### Problem description
A partial copy is required: transcribe exactly the lines from the one containing "PINZA 2 IN 1" through the last line below, without any pictures.

### Task data
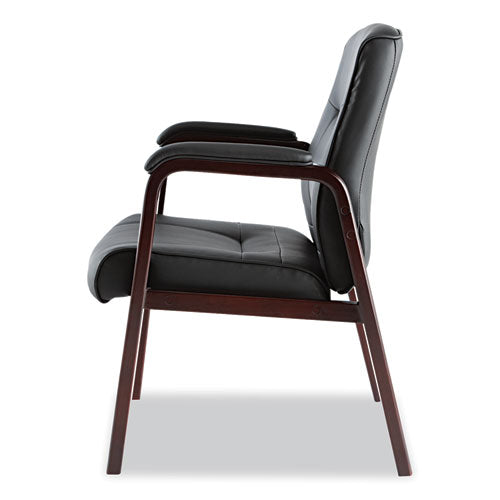 Image of Alera® Alera Madaris Series Bonded Leather Guest Chair with Wood Trim Legs, 25.39" x 25.98" x 35.62", Black Seat/Back, Mahogany Base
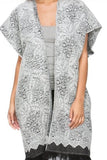 Winter Lace Hand Loomed Jacquard Blanket Winter Kimono grey white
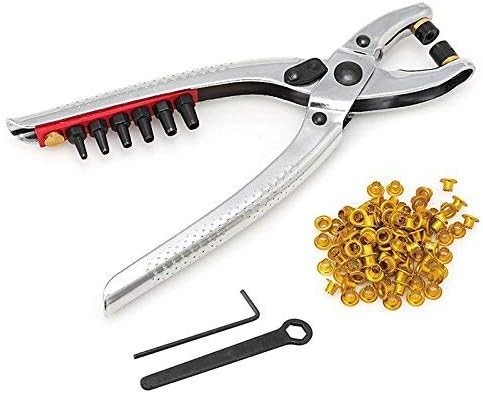 PINZA 2 IN 1 + 100 OCCHIELLI OCCHIELLATRICE FUSTELLATRICE X FORARE CUOIO PELLE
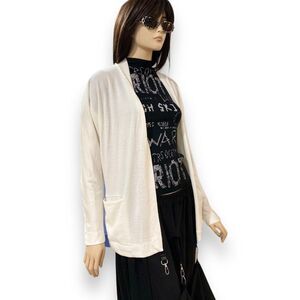 Timeless Ivory Open Front Pockets Mid-Length Lightweight Knit Cardigan NEW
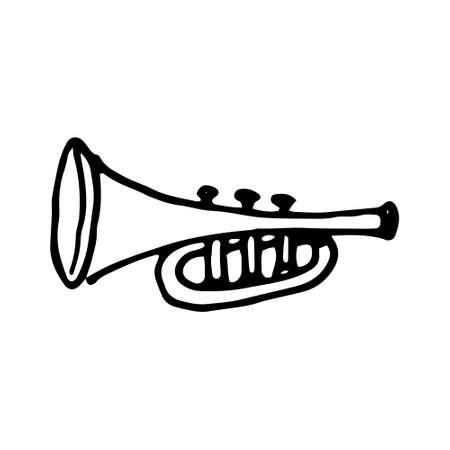 a musical trumpet. A musical trumpet icon. Pipe of a hand-drawn musical instrument side view in the style of doodles, isolated black outline on white for a design template. retro style.のイラスト素材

### Exercise output
 PINZA 2 IN 1 + 100 OCCHIELLI OCCHIELLATRICE FUSTELLATRICE X FORARE CUOIO PELLE
 Timeless Ivory Open Front Pockets Mid-Length Lightweight Knit Cardigan NEW
 a musical trumpet. A musical trumpet icon. Pipe of a hand-drawn musical instrument side view in the style of doodles, isolated black outline on white for a design template. retro style.のイラスト素材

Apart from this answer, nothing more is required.